Using 25% of the data it will take about 15 minutes to complete on a laptop.

reviews = reviews.sample(frac=0.25, random_state=42)

Tokenize and create Document-Term Matrix#

# %%time
# THIS CELL TAKES ABOUT 12 MINUTES ON A LAPTOP WHEN USING 25% THE DATA.

def tokenize_simple(text):
    '''
    Tokenizer returning lowercase tokens with no stop words, no punctuation and no words with encoding errors.
    '''
    doc = nlp(text)
    return [token.lower_ for token in doc if not (token.is_stop or token.is_punct or ("\\" in token.lower_))]


# Some abbreviations aren't in spaCy's default Dutch stopwords list, so we add them.
nlp.Defaults.stop_words.update(['n', '’n', 't'])

# Define the CountVectorizer, use n-grams of length 1.
count_vectorizer = CountVectorizer(tokenizer=tokenize_simple,
                                   stop_words=nlp.Defaults.stop_words,
                                   ngram_range=(1, 1))

# Fit the CountVectorizer. The returned Document-Term Matrix is put in a DataFrame.
dtm = pd.DataFrame.sparse.from_spmatrix(data=count_vectorizer.fit_transform(reviews['reviewText']),
                                        index=reviews['reviewText'].index,
                                        columns=count_vectorizer.get_feature_names_out())
# Inspect the tokenization to the original reviewText for some observations.
display(pd.DataFrame(reviews.head(n=3)['reviewText']))

subset = dtm.head(n=3).copy()
display(subset.loc[:, subset.ne(0).any()])

Select only those words that occur twice or more.#

print(f"Full DTM: {dtm.shape}")
dtm = dtm.loc[:, (dtm.sum() > 2)]
print(f"Filtered DTM: {dtm.shape}")

Binary classification#

Define Y#

reviews["is_detractor"] = reviews['reviewScoreOverall'].apply(lambda x: True if x <= 6 else False)

Train-test split#

# %%time
# THIS CELL TAKES ABOUT 1 MINUTE ON A LAPTOP WHEN USING 25% THE DATA.

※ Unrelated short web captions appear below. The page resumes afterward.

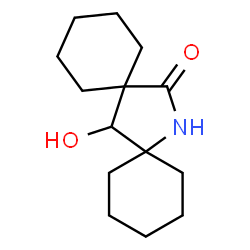 sodium 2,4-dinitrophenolate结构式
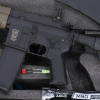 Karabinek ASG Specna Arms SA-CH30 CORE™ Gen.2 HAL ETU™ Oliwkowy OD-G-SPE-01-048390-00 asgbox.pl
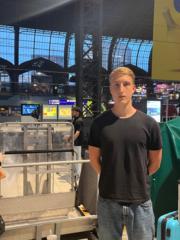 Einar Engvall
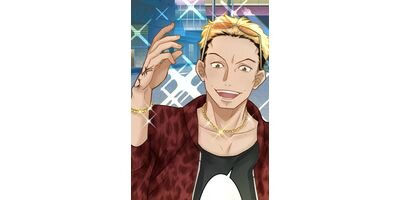 ��ˤ����ͺʤ�Ů������ 16 ��ͧ�ڥե륫�顼��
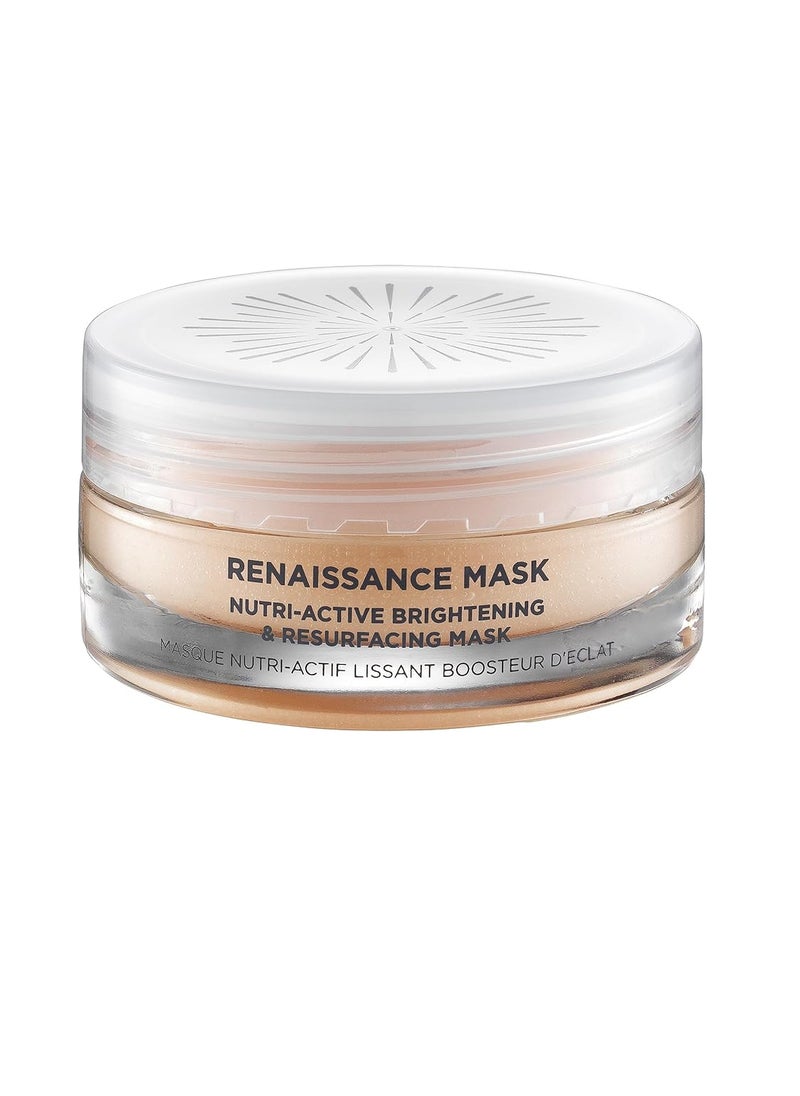 Renaissance Mask 50ml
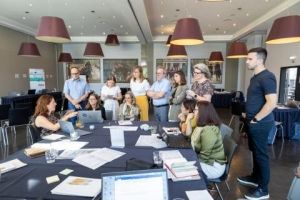 SMART CON - Alentejo (22-25.09.25)_4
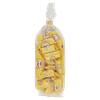 Caramelle Mou Polacca Originale Al Latte Dolce Idea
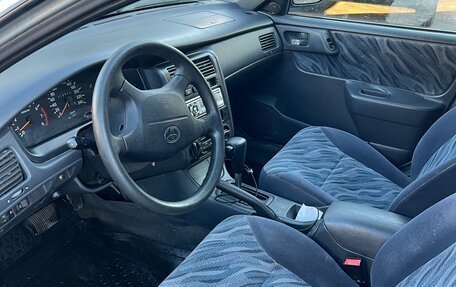 Toyota Carina, 1996 год, 280 000 рублей, 6 фотография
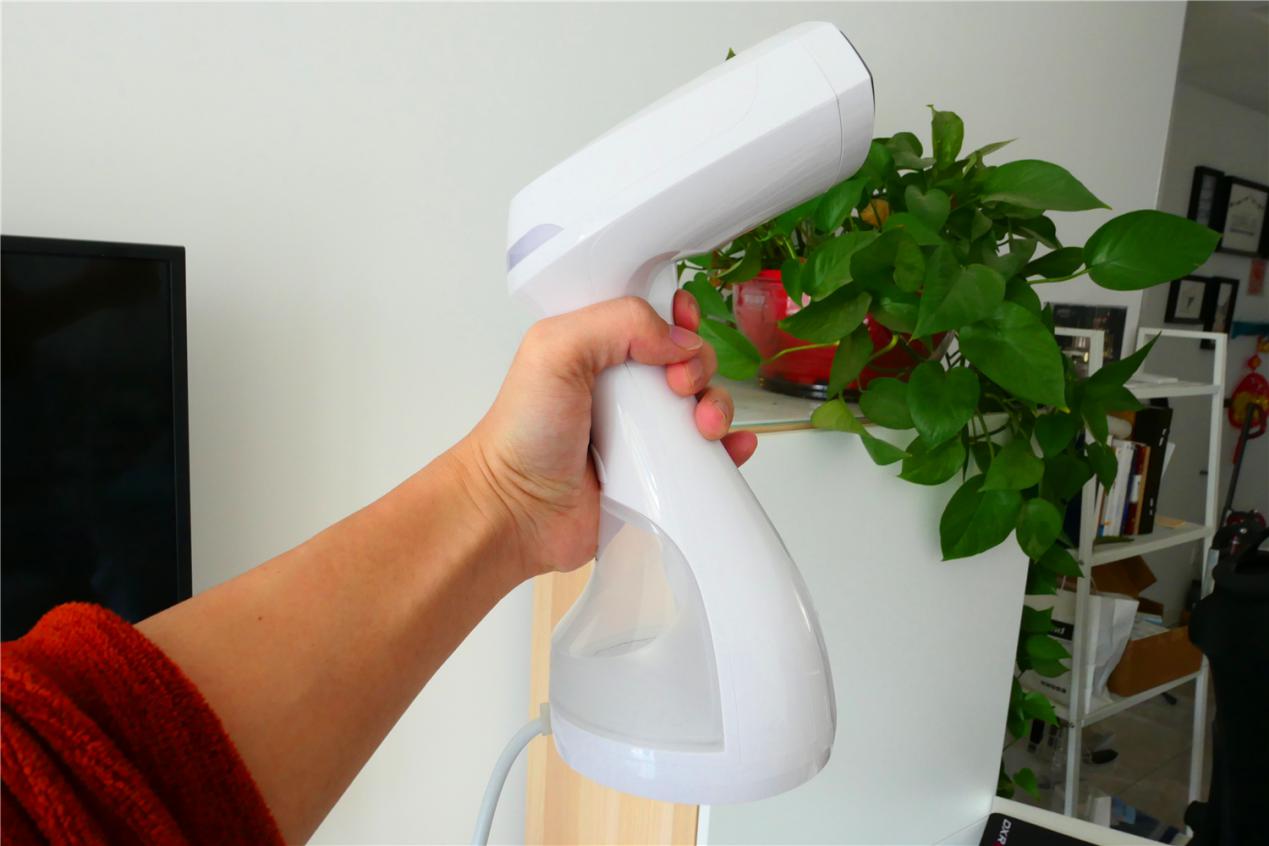 挂烫熨烫机推荐,家用熨烫衣服用挂烫机最新款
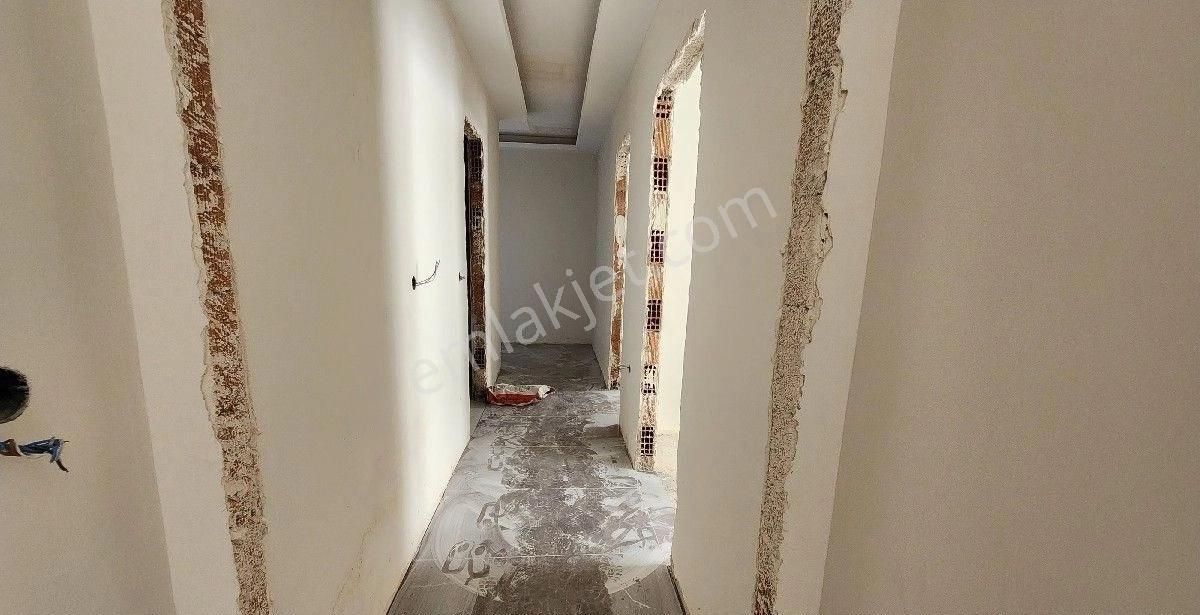 Pendik Batı Mahllesi Kısmı Deniz Manzaralı Satılık 3+1 Daire - Görsel 18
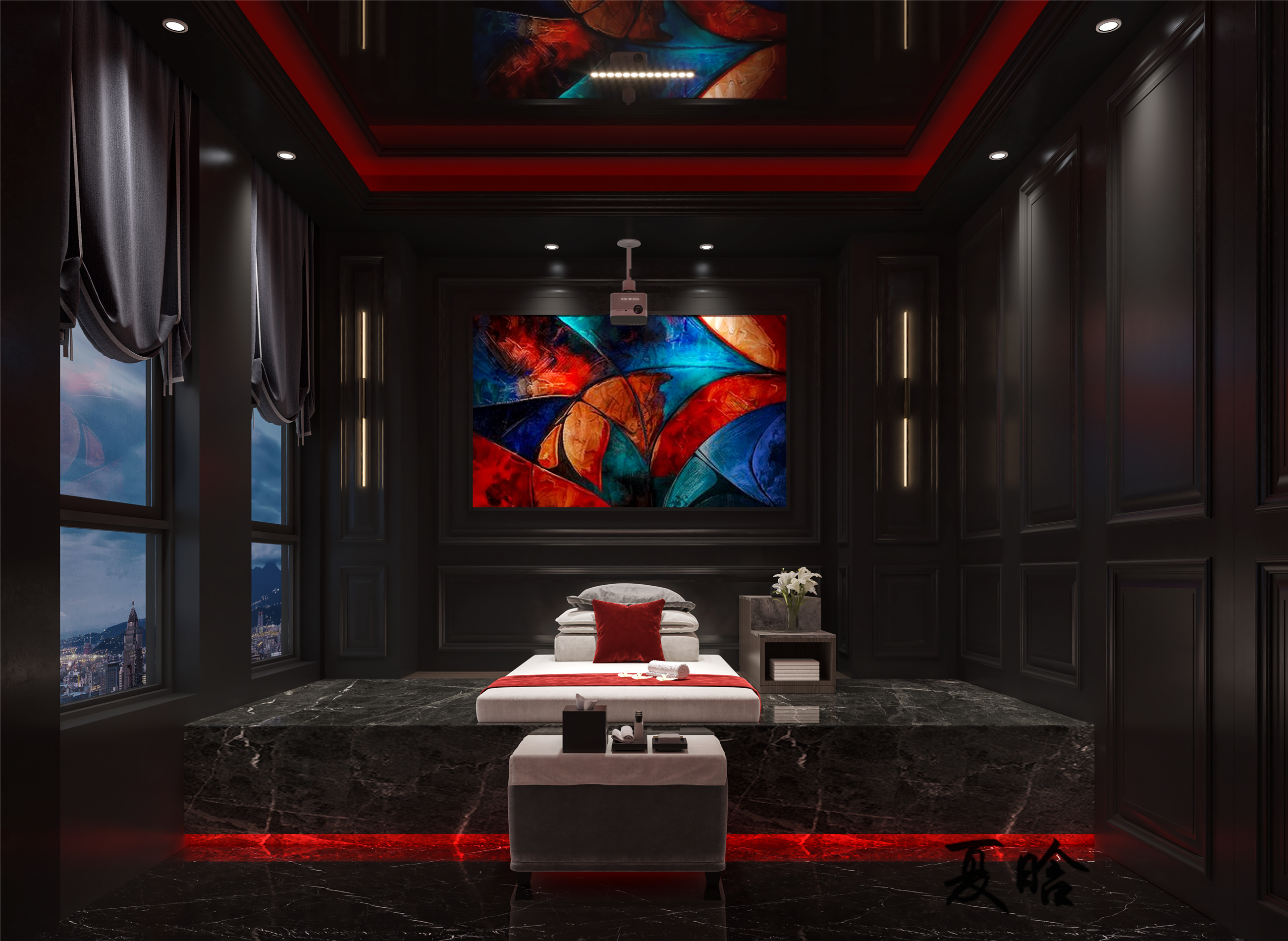 ����18715081016 (7).jpg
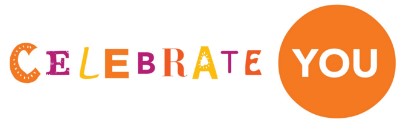 CELEBRATE YOU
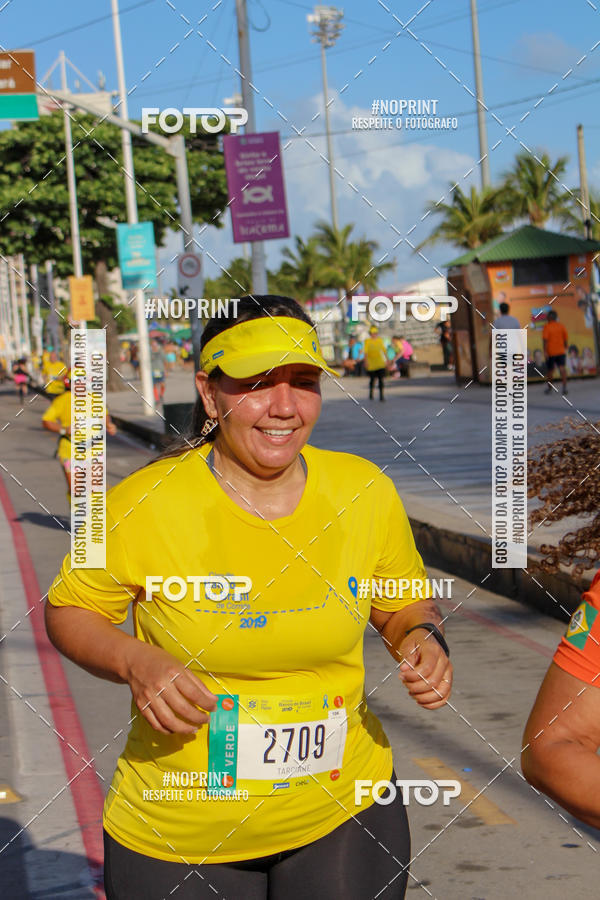 Buy your photos of the eventCIRCUITO BANCO DO BRASIL - ETAPA  FORTALEZA on Fotop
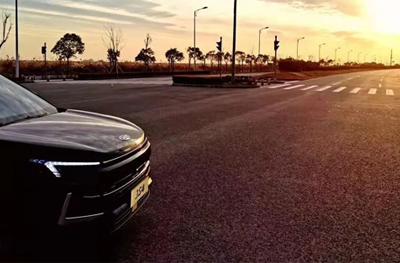 AG旗舰厅 (中国大陆) Apple Store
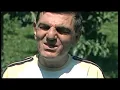 Yusuf Cemal Keskin - Fındık Bahçelerinde (Official Video)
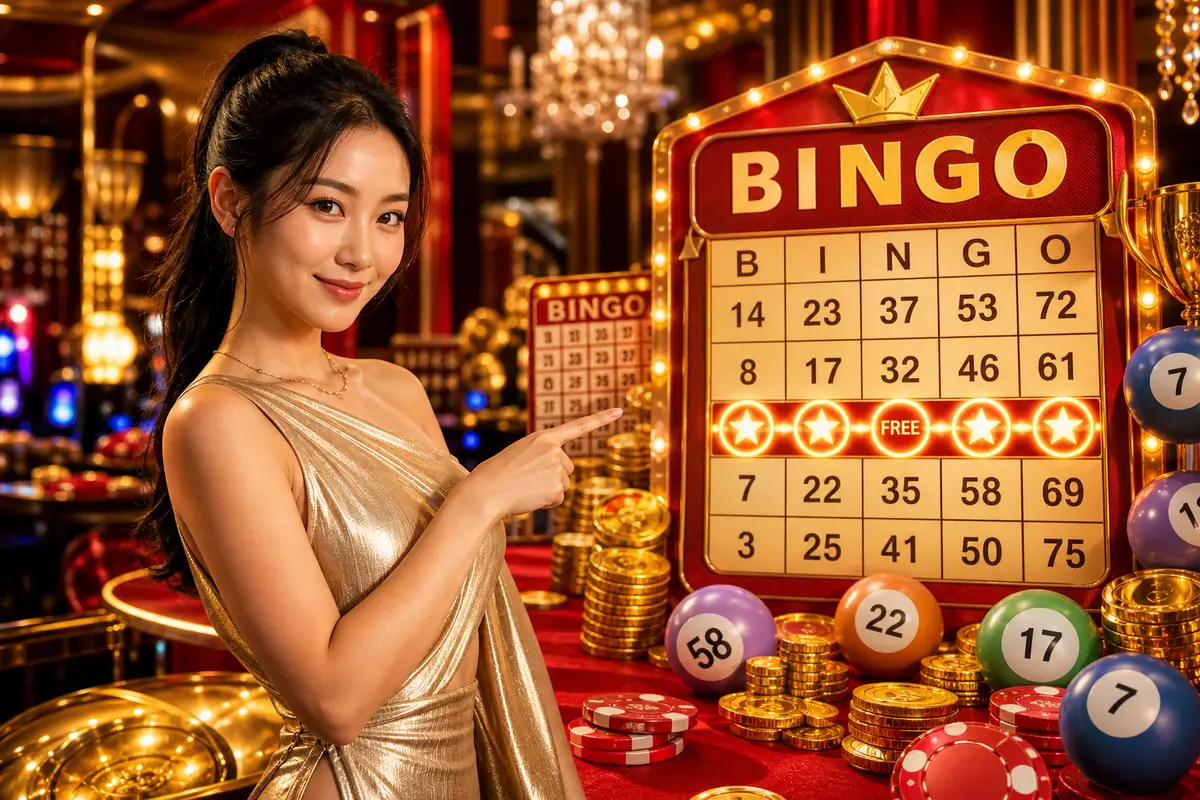 ekl88 mix parlay gabungan pelbagai perlawanan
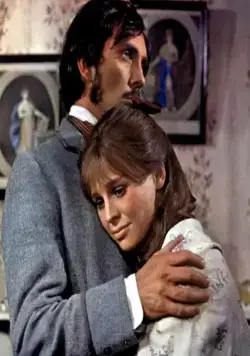 Вдали от безумной толпы (1967) через торрент скачать Вдали от безумной толпы (1967) фильм через торрент скачать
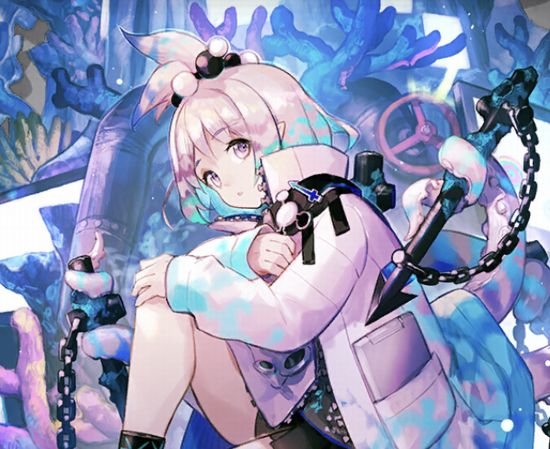 f:id:jyankman:20220211181702j:plain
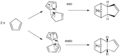 Thumbnail for version as of 15:43, 8 February 2014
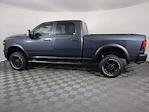 New 2026 Ram 2500 Tradesman Crew Cab for sale #R26318 - photo 4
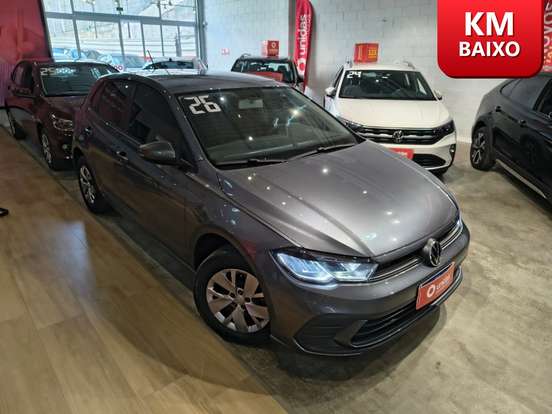 VOLKSWAGEN-POLO-2025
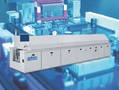 
Rehm to Showcase Convection & Condensation Soldering Expertise at Apex
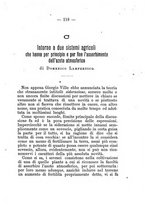 giornale/TO00176429/1890/unico/00000135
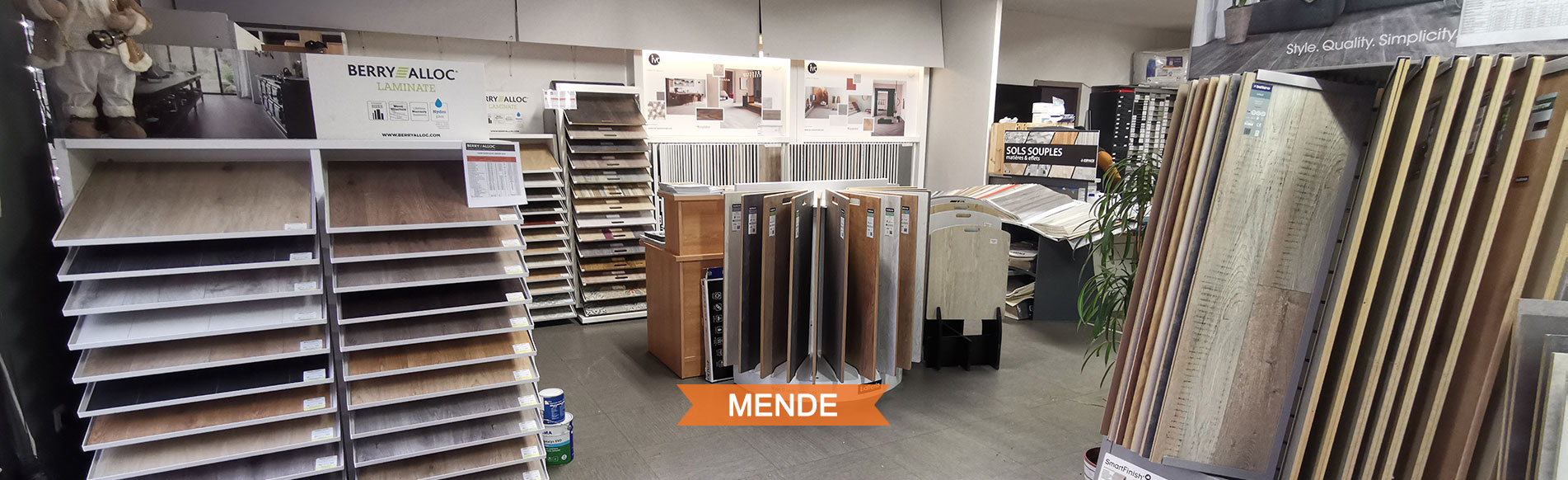 magasin-espace-revetement-mende-2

X = reviews.drop(columns=['reviewText','reviewScoreOverall','is_detractor'])
y = reviews['is_detractor']

sss = StratifiedShuffleSplit(n_splits=1, test_size=0.2, random_state=42)
for train_index, test_index in sss.split(X, y):
    X_train, X_test = X.iloc[train_index, :], X.iloc[test_index, :]
    y_train, y_test = y.iloc[train_index], y.iloc[test_index]
    X_train_dtm, X_test_dtm = dtm.iloc[train_index, :], dtm.iloc[test_index, :]

BalancedBaggingClassifier - using structured data#

clf1 = BalancedBaggingClassifier(base_estimator=DecisionTreeClassifier(),
                                 sampling_strategy='auto',
                                 replacement=False,
                                 random_state=0)
clf1.fit(X_train, y_train)
balanced_accuracy_score(y_test, clf1.predict(X_test)).round(3)

BalancedBaggingClassifier - using DTM#

clf2 = BalancedBaggingClassifier(base_estimator=DecisionTreeClassifier(),
                                 sampling_strategy='auto',
                                 replacement=False,
                                 random_state=0)
clf2.fit(X_train_dtm, y_train)
balanced_accuracy_score(y_test, clf2.predict(X_test_dtm)).round(3)